Miquel Bassols – In-conscient et ex-cerveau

Das Unbewusste – l’inconscient. Freud n’a pas trouvé de terme meilleur et Lacan le rappelait pour indiquer ce qui lui paraissait ne pas convenir : il s’agit d’un terme négatif, ce qui implique qu’il peut être n’importe quoi, n’importe quelle autre chose que ce qu’il nie. A l’opposé, ce qu’il nie, à savoir le conscient, n’est pas un terme moins marécageux. Aujourd’hui personne ne sait au juste ce qu’est la conscience. Les neurosciences continuent sans succès à la chercher là où elles supposent qu’il y aurait plus de lumière pour la trouver, dans les différentes zones du cerveau, dans la chimie des espaces inter-synaptiques de ses neurones. Pourquoi ne pas aller un peu plus loin, dans les réseaux neuronaux eux-mêmes connectés au cerveau, dans le système nerveux entéritique par exemple, c’est-à-dire dans les tripes ? Les tripes paraissent aujourd’hui si importantes aux neurosciences qu’elles ont déjà obtenu le nom de “ second cerveau ”, puisque transitent par elles davantage de dopamine que par le premier. Penser avec les tripes n’apparaît donc plus comme une métaphore, ou alors, elle le paraît tout autant que l’idée selon laquelle nous pensons avec le cerveau. Autant dire que nous parlons avec la langue.
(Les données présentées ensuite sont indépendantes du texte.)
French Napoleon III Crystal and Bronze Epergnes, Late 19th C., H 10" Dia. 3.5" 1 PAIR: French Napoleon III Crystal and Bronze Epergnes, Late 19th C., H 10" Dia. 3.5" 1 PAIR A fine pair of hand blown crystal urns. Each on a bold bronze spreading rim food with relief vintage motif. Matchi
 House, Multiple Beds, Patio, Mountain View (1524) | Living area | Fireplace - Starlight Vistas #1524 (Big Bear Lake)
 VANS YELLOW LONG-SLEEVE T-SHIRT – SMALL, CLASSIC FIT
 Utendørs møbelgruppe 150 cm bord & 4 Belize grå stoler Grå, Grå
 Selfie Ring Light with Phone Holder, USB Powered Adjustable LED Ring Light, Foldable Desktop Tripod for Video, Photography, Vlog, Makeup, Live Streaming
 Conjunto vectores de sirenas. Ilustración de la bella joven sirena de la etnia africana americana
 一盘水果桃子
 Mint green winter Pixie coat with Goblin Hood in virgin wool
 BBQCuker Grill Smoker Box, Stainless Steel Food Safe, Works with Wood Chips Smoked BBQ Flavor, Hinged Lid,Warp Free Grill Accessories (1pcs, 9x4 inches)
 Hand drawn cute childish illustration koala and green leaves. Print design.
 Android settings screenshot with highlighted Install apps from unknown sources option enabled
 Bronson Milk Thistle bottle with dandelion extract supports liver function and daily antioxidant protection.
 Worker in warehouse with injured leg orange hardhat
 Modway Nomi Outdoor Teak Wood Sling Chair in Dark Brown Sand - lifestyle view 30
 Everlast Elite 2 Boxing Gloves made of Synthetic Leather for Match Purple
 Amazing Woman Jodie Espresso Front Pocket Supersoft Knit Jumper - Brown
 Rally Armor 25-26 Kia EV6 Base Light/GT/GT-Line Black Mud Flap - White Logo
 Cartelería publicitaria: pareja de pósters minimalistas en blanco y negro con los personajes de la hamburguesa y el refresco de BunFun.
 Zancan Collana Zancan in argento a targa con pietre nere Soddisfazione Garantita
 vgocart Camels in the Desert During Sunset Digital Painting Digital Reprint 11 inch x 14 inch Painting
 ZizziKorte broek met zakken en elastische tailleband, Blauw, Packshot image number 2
Quant à nous, nous partons du principe éthique suivant : il y a de l’inconscient uniquement chez l’être parlant. Le “ in ” de l’inconscient devrait dès lors être lu comme un terme topologique, c’est un “ dedans “ à ce point intérieur qu’il se convertit pour l’être parlant en extérieur, en extime. Et ce n‘est qu’à partir de là, et au sein du langage, que ce mirage nommé conscience est possible. On le remarque fréquemment : conscience et langage sont de l’être parlant les deux “ réalités émergentes ” ou “ épiphénomènes “ – deux autres euphémismes en réalité – que les neurosciences échouent à localiser en aucune partie du système nerveux central.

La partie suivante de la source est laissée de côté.